KATE BUSH
Aerial
(EMI)
MADONNA
Confessions on a Dance Floor
(Warner Bros.)
Why listen to records by old people? The point of pop music is to laugh at naive opportunists who imagine themselves to be talented (if they’ve been told that enough times) or lucky (if they haven’t had their pound of flesh extracted by the industry yet). The form requires a fearless conviction unspoiled by exposure to life’s depredations. Pop records are not especially difficult to make—they don’t require years of training like classical or indigenous forms, only loose allegiance to the norms of whatever subculture the artist imagines his or her audience belongs to. So once somebody’s old enough to figure out how to make records, and to be reasonably sure of their own identity without recourse to cultural material they once drew upon, where’s the interest value in their latest product?
In Kate Bush’s case, the interest factor is the spectacle of seeing somebody completely forget how to record memorable songs, interesting textures, or lyrics that reveal any identification with life as it is lived and experienced by most listeners—and taking 12 years to do it. Bush’s early records were charming teen-diary folk-baroque; then she met Peter Gabriel and turned to pastel prog–as–backpacker pop. Fretless basses, delicate drumbeats, wind-and-rain sound effects, portentous piano-chord preludes and prologues to every wandering, lengthy track—the two-disc Aerial is Delicate Sound of Thunder–era Pink Floyd with the stadium introversion of David Sylvian, along with frequent alley-wino spoken-word and birdsong interruptions. Most of Aerial is a hazy, muted reprise of the more incoherent, immobile moments on Bush’s previous records, except there are noticeably more repetitions of the words “beautiful” and “lovely.” (Maybe Utah Saints could make “something good” happen again?) When the standout song (about doing laundry) reminds you of Phil Collins’ “Against All Odds,” you know you’ve got a record only Patrick Bateman could love.
Madonna is less prone to floating into the solipsistic ether—if not structurally immune to it—but a working grasp of reality is a given with her.
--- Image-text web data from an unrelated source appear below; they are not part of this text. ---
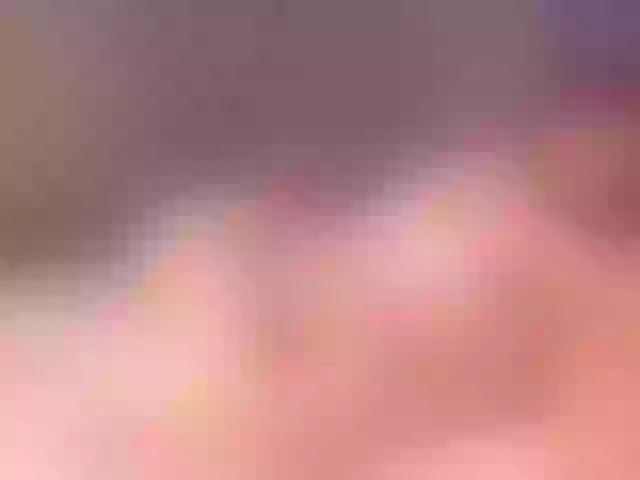 Live sex webcam photo for Lilibm #291155233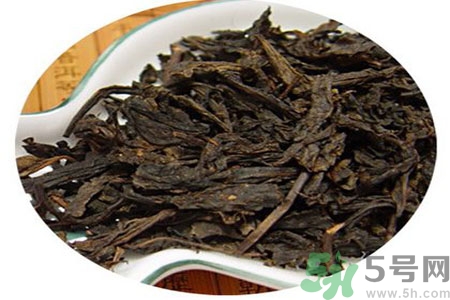 安化黑茶的功效與作用有哪些？安化黑茶的營養(yǎng)價值是什么？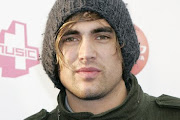 Charlie Simpson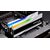 G.Skill Trident Z5 Neo RGB - DDR5 - k | F5-6400J3239F24GX2-TZ5NRW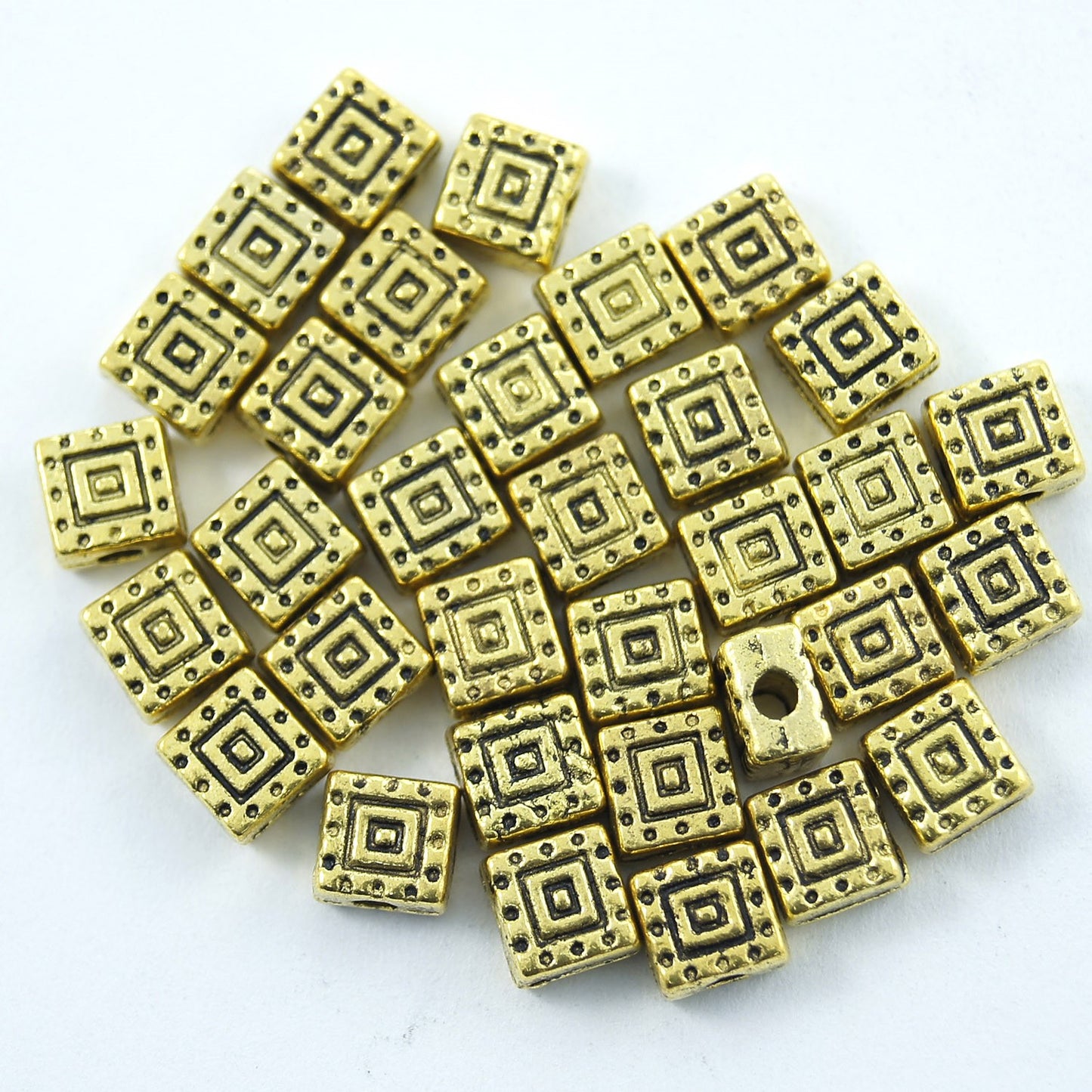 Gold Tone 105087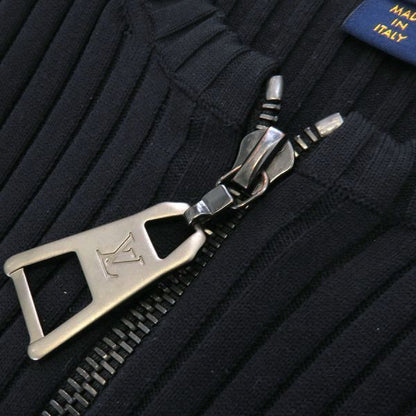 Louis Vuitton Dress Fidr 30 sn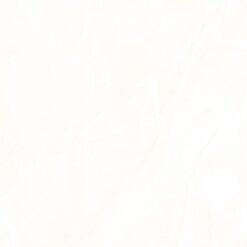 Gạch Prime 05.400800.08371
However, the art of making albums that don’t get excruciatingly boring around the halfway mark has always eluded her, and there’s almost an air of resignation about designating Confessions on a Dance Floor‘s bright spot—the first Madonna single based on an already universally known sample (Lenny Kravitz doesn’t count)—as the opening track. “Hung Up” also misleadingly brings back the wonderful rodent voice that made her a star, but the rest of the album is sung in overbearing Evita tones—the dry, grating American Life bark is also unfortunately gone, although the lack of acoustic guitar is a relief. The idea of making a French-disco (somebody moving the EQ faders up and down a lot in the studio) record with a professional Frenchman impersonator (Stuart “Jacques Lu Cont” Price) as a producer is fun, as is the N.Y.C. song, but disco records are not supposed to sound as long as they really are, the reverse of the case here. And every token mystical track takes her further from being the working-class hero that Swept Away proved she could be. DAVE QUEEN
THE COPS
Get Good or Stay Bad
(Mt. Fuji)
As a free gift with mail-order purchases, British post-punks Wire recently offered a sample of cologne called “The smell of YOU.” What, I wonder, does a typical Wire fan smells like? Crisp and clean with notes of lemon, cucumber, and analog tape, maybe? (Or Ivory soap, like me?) Apropos of the Cops’ faithful cover of Wire’s “Lowdown,” I sniffed out a few distinctive tropes in their music: ’80s college rock, British mod, and garage. PBR, Devon cream, and musk—mmmm. Where the Seattle quartet’s smart, dishabille debut EP, Why Kids Go Wrong, took vintage pop hooks down to the basement, Get Good smooths out the kinks with cleaner production, but without sacrificing spontaneity—as if they’ve rehearsed like mad to sound spontaneous. “Controller” circumvents bouncy guitar with backing vocals and Brian Wall’s natty bass-line bridge. Drummer Dave Weeks’ deft, hotfooted rhythm opening “Invisible City” sounds ready for a club remix. Despite the juvenilia of signature phrase “I wanna be your inner void,” the guitar breakdown and Michael Jaworski’s spit delivery and ad-libbed tics—equal parts Paul Westerberg and Lenny Bruce—of the rerecorded “Don’t Take It Personal Dave” sound like the band hit puberty between records; and “T.V. Lieyes” and “New Economy,” they smell like burning rubber. KATE SILVER
The Cops play High Dive with the Emergency and Shotgun at 9 p.m. Fri., Feb. 10. $6.